## PROBLEM DETAILS:
Print every line below exactly. Skip the pictures.

[Items from a data source]
===============
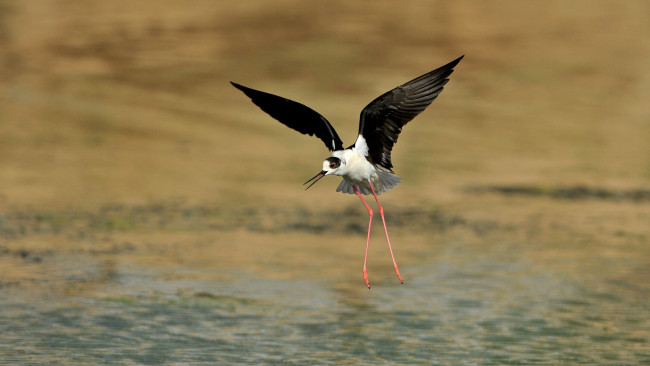 Обои картинки фото животные, птицы, птица, ходулочник, вода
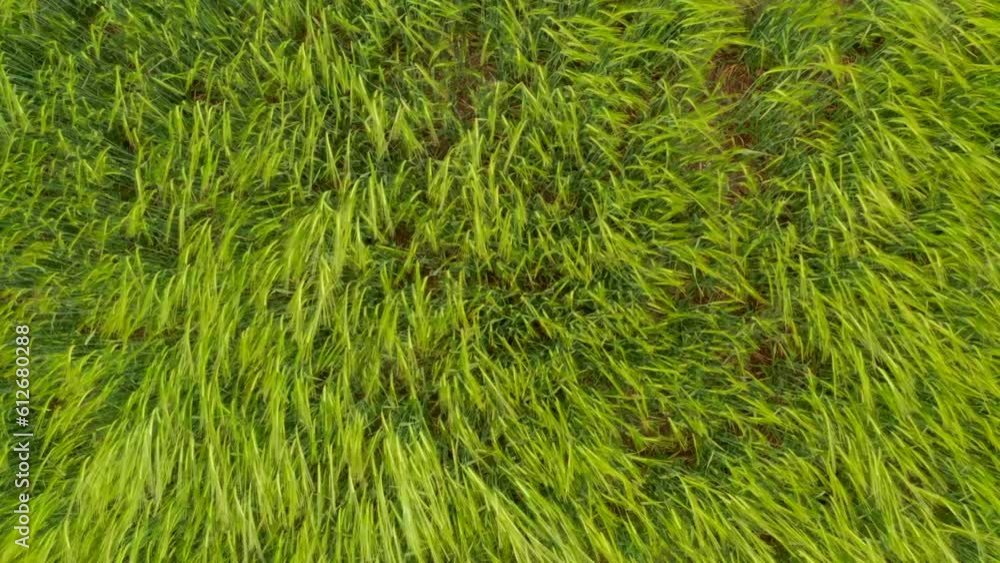 Close up top down shot of Wheat grasses blowing in the wind Close up top down shot of Wheat grasses blowing in the wind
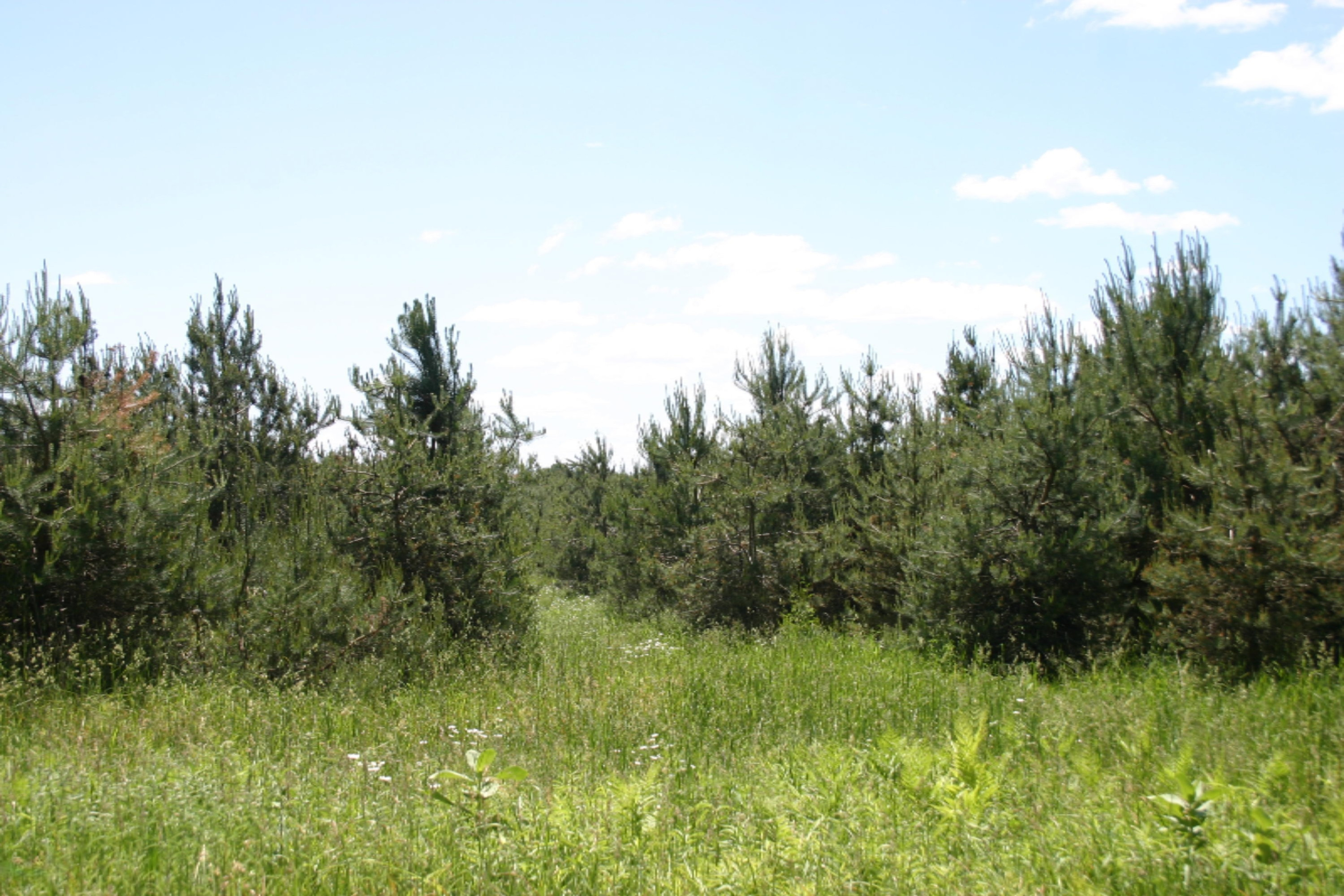 4 West Mile Road Hesperia, MI 49421 - Photo 6 of 12 Hunting and Recreation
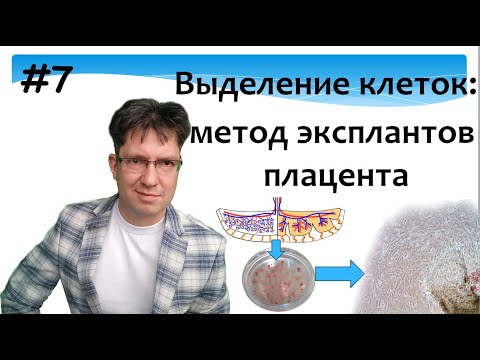 Выделение клеток. Экспланты. Плацента. Клетки плаценты. Мышь. Культура клеток. Владимир Прокопюк.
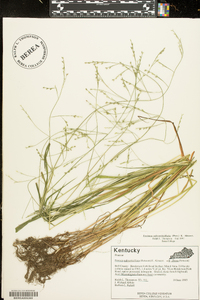 Festuca subverticillata image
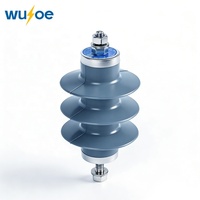 Parafoudre composite à oxyde de zinc HY5WS-10/30 6kV, parafoudre sans interstice à isolation polymère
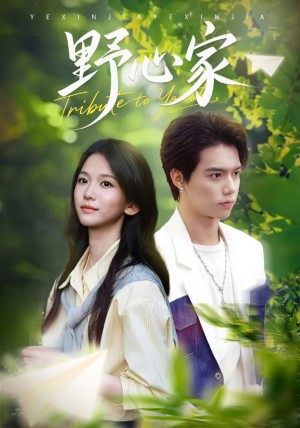 野心家（65集）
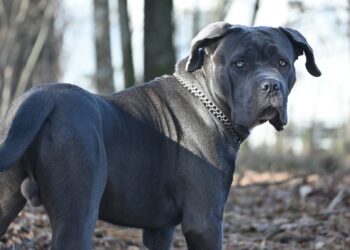 Cane corso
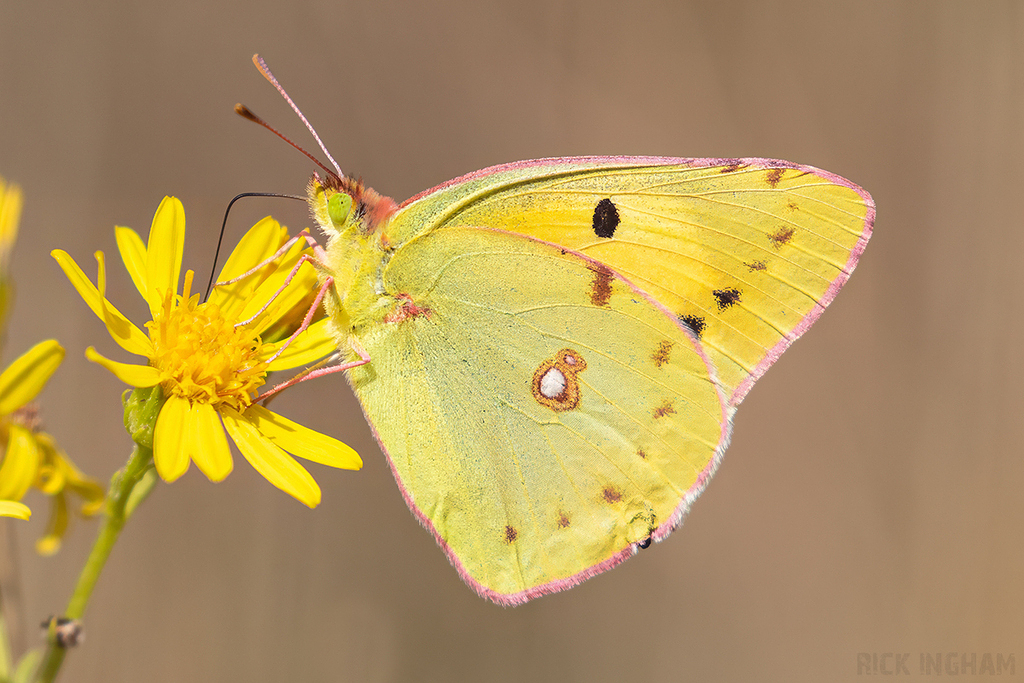 Clouded Yellow Butterfly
===============
## FINISHED TASK:
 Обои картинки фото животные, птицы, птица, ходулочник, вода
 Close up top down shot of Wheat grasses blowing in the wind Close up top down shot of Wheat grasses blowing in the wind
 4 West Mile Road Hesperia, MI 49421 - Photo 6 of 12 Hunting and Recreation
 Выделение клеток. Экспланты. Плацента. Клетки плаценты. Мышь. Культура клеток. Владимир Прокопюк.
 Festuca subverticillata image
 Parafoudre composite à oxyde de zinc HY5WS-10/30 6kV, parafoudre sans interstice à isolation polymère
 野心家（65集）
 Cane corso
 Clouded Yellow Butterfly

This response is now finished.